• **Task goal**
For the material below, reproduce exactly each line from the one that has "73 Einstein - Photo 7 of 46" through the one that has "รถโฟล์คลิฟท์ โคมัสสึ รุ่น", and no others; pictures stay out.

• **Given data**
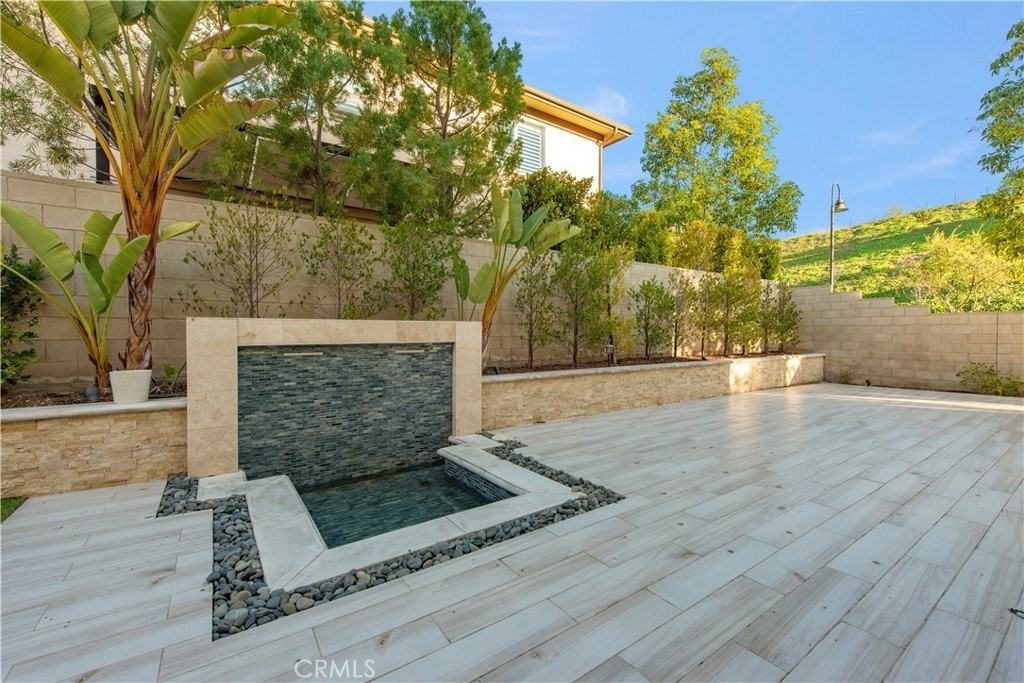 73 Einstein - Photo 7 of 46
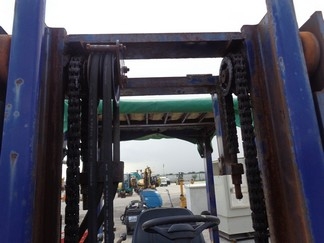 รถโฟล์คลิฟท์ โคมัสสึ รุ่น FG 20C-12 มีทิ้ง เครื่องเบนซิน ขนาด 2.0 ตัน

--

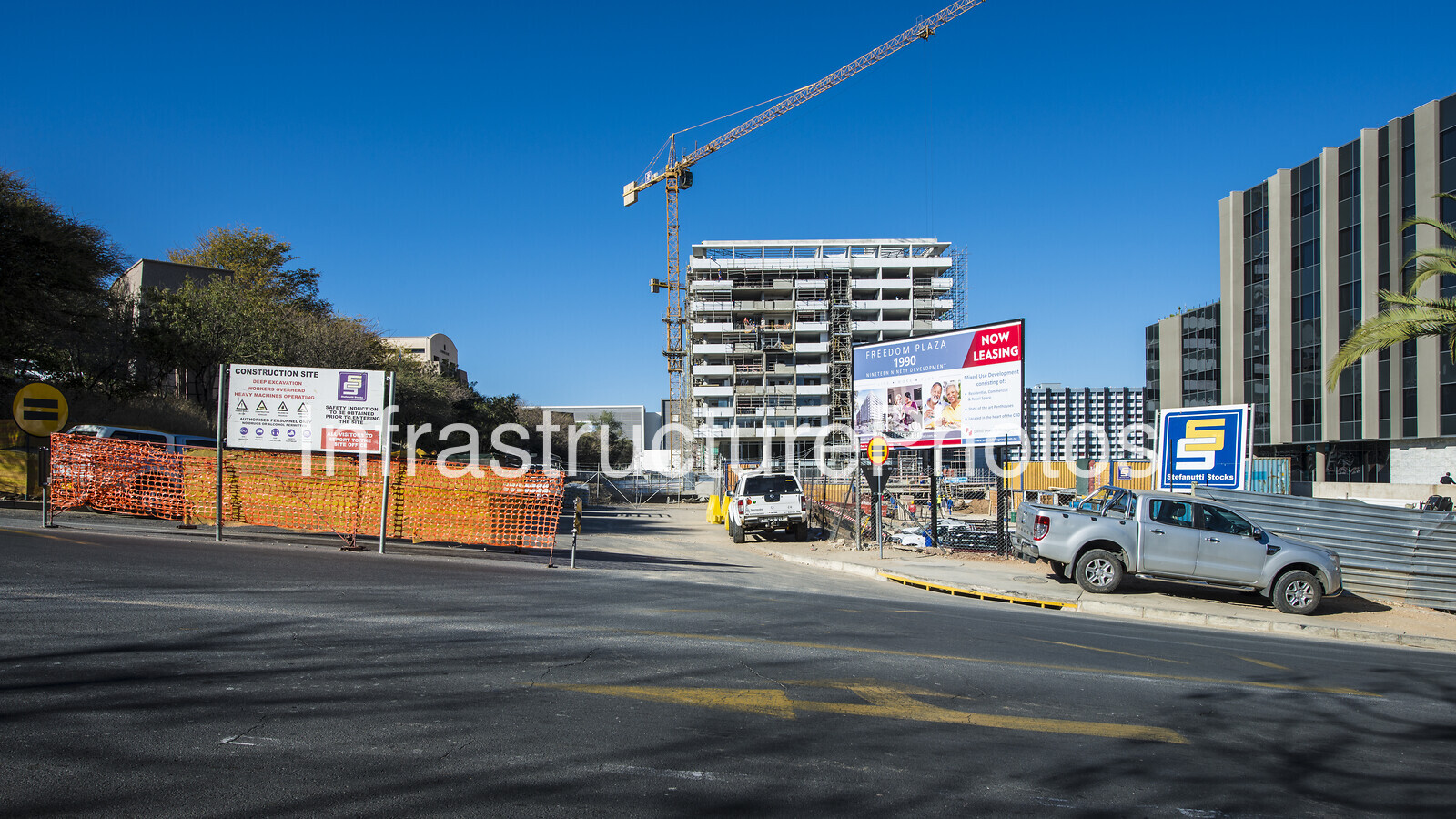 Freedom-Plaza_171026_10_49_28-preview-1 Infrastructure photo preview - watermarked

• **Exercise output**
 73 Einstein - Photo 7 of 46
 รถโฟล์คลิฟท์ โคมัสสึ รุ่น FG 20C-12 มีทิ้ง เครื่องเบนซิน ขนาด 2.0 ตัน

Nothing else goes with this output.